EFCC insists it has power to prosecute ex-minister Agunloye over alleged $6 billion fraud

ABUJA- The Economic and Financial Crimes Commission (EFCC) has asserted that it has powers based on judicial precedents to prosecute former Minister of Power and Steel, Olu Agunloye over an alleged $6 billion Mambilla hydroelectric power plant.

EFCC is prosecuting Mr Agunloye, who served as a minister in the administration of former President Olusegun Obasanjo, on infractions regarding the Mambilla power plant.

The suit, marked FCT/HC/CR/617/22, is before Justice Jude Onwuegbuzie of the Mapo Division of the FCT High Court, Abuja.

The former minister was charged with a seven-count charge bordering on forgery, disobedience of presidential order and corruption.

He was alleged to have, among others, on May 22, 2003, awarded a contract titled “Construction of 3,960-megawatt Mambilla Hydroelectric Power Station on build, operate and transfer basis to Sunrise Power and Transmission Company Limited without any budgetary provision, approval and cash backing.”

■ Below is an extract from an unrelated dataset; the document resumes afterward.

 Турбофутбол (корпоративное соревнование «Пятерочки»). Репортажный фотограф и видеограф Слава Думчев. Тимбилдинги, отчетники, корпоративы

EFCC also alleged that it traced some suspicious payments from Sunrise Power and Transmission Company Limited to the former minister’s accounts.

Mr Agunloye, however, pleaded not guilty to the charge preferred against him.

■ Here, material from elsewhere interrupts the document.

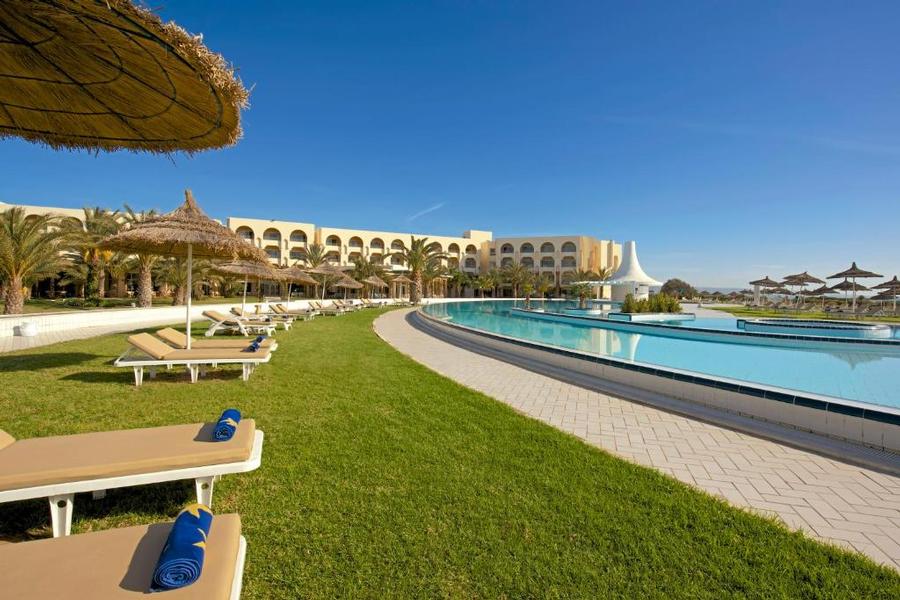 Piscine-extérieure-panoramique-Iberostar- Averroes-Hammamet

The former minister had filed a preliminary motion on notice, with the number M/3736/2024, filed on February 8, 2024.

His counsel, Adeola Adedipe SAN, in the motion, argued that the anti-corruption commission lacks both investigative and prosecutorial powers to prosecute him on the current charge before the court.

He further argued that the alleged offences he (Mr Agunloye) committed were based on his activities as a public officer, among other allegations, which did not constitute financial crimes.

Responding in its counter-affidavit, EFCC insisted that despite the former minister’s submission, it has such powers to investigate and prosecute him.

The commission averred that the law donates the power to investigate and prosecute the former minister to it.

Furthermore, EFCC argued that Mr Agunloye is charged with offences bordering on conspiracy to forge, forgery and disobedience to a presidential directive, contrary to provisions of Penal Code Law.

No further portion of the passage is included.